I would like to tell a story about my previous weightloss that failed because i listen to what people said.
Back in 2011,after national service,i decided to jog every morning, because i realized how unfit i am. I am f/18 y/o, 5'3,60kg pear shaped and through difficulties fitting into jeans, and being told that I'm big when i was younger, i really ran every morning because i want more stamina,and never thought about weightloss.
Until i lose weight 3 months later.
Then,i feel better,and improve myself.i cook healthy meals everyday,learn to go to gym,started hiking and be more active.i was happy doing what i do.
But when i reach 52kg,people stared saying things.like i was too thin,my face is too small,but my thigh is still big.and after so many keep commenting on my weight,i stopped it all.i gave up.Until now,i am at my heaviest,and started to be back on track.
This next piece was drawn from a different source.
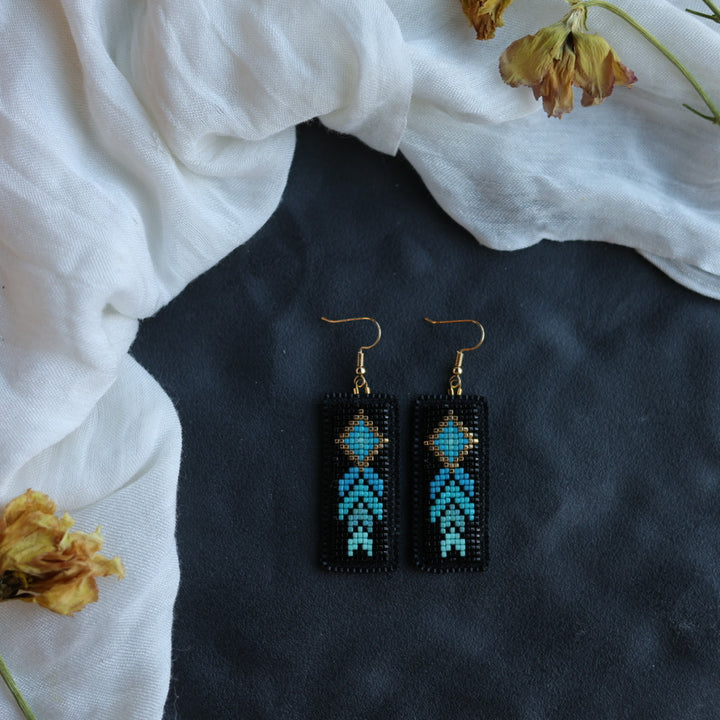 Beth Rose Designs Rectangle Loomed Drop Earrings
I regret, listening to people. What i learned about all this is that people will never shut up.they keep commenting whether I'm whatever shape,when I'm the one trying my best to be better. I've dealt from adults saying that I'm too big for a kid, having self esteem issues when i was 12,and dealt with so many criticism about my body. And i let people who don't even workout or drive to be healthy to judge me.
I wish i know then what i know now and not give up. I wish i maintained,or lift more etc. But knowing this, I'm ready to try again.